◆ SUPPLIED DATA:
..............................
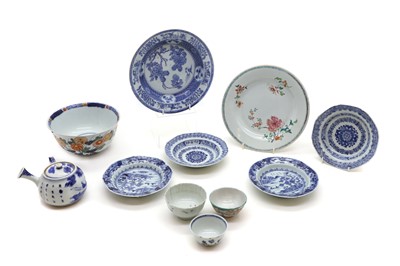 Lot 190 - A collection of Chinese and Japanese porcelain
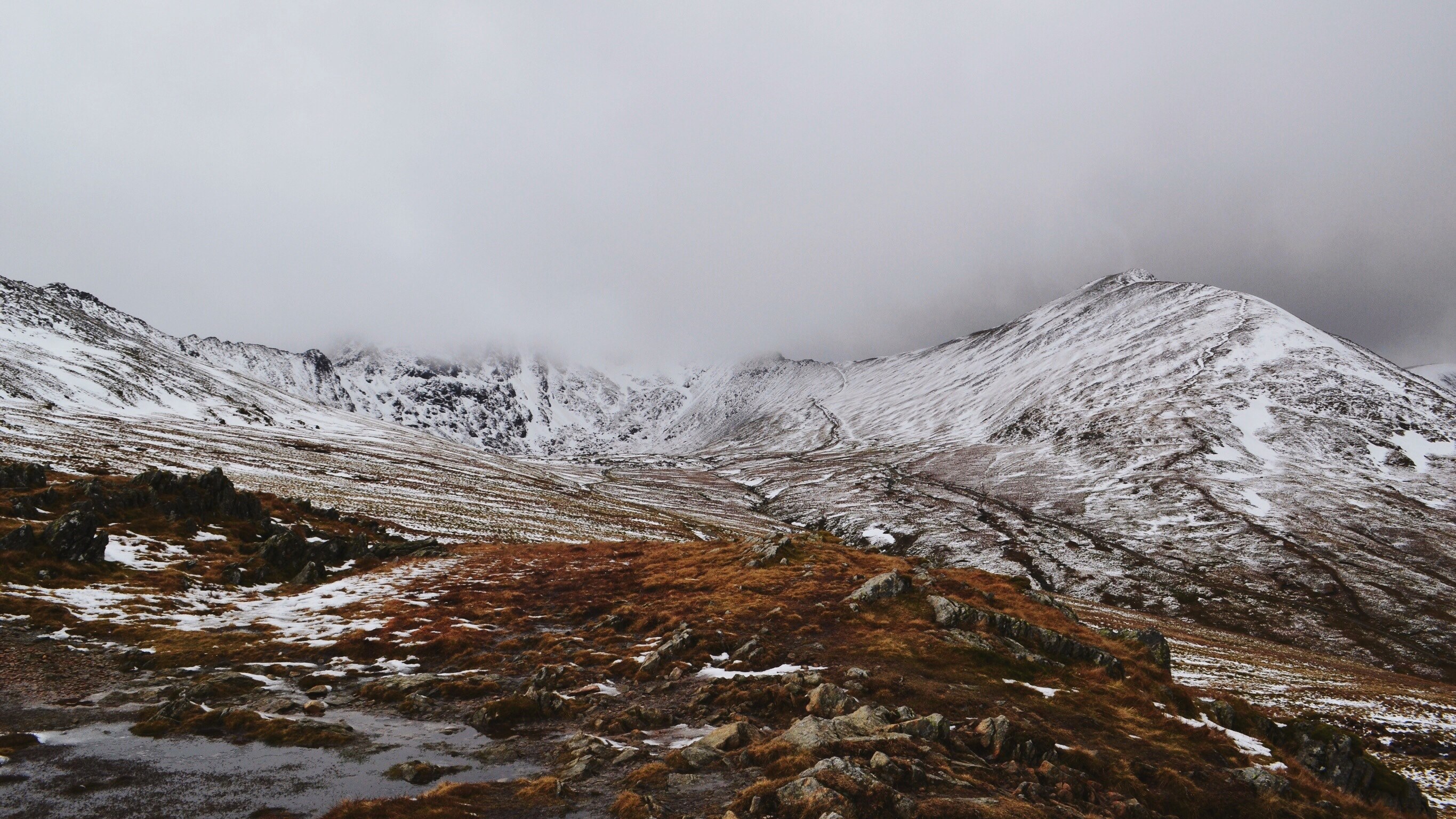 clouds descend on a valley that is dusted with snow, _clouds on snowy valley 4k, HD Wallpaper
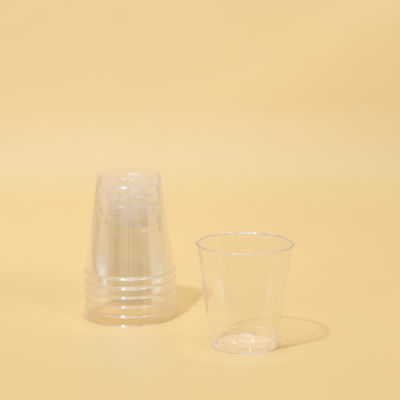 Wytrzymałość 60ml okrągłe plastikowe kubki PS do gorących i zimnych napojów z logo na zamówienie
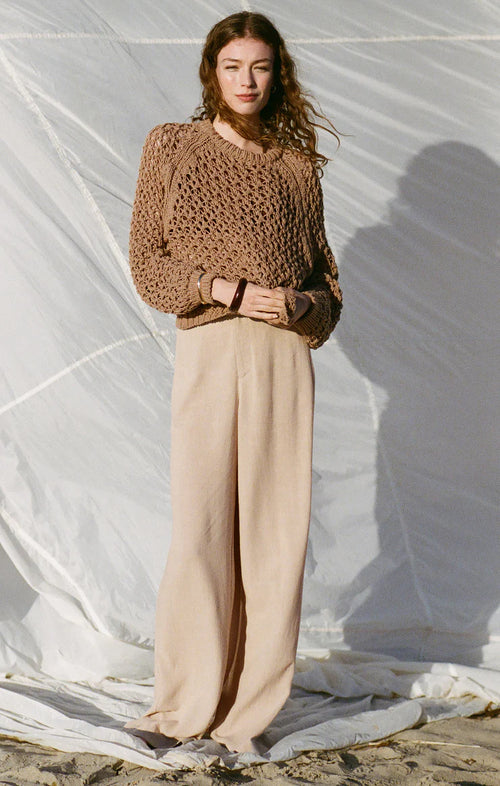 Z SUPPLY CASSIAN SWEATER IN BURRO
..............................
◆ ABOUT THIS EXERCISE: Could you copy the data above exactly, leaving the pictures out?

◆ ANSWER SPACE:
 Lot 190 - A collection of Chinese and Japanese porcelain
 clouds descend on a valley that is dusted with snow, _clouds on snowy valley 4k, HD Wallpaper
 Wytrzymałość 60ml okrągłe plastikowe kubki PS do gorących i zimnych napojów z logo na zamówienie
 Z SUPPLY CASSIAN SWEATER IN BURRO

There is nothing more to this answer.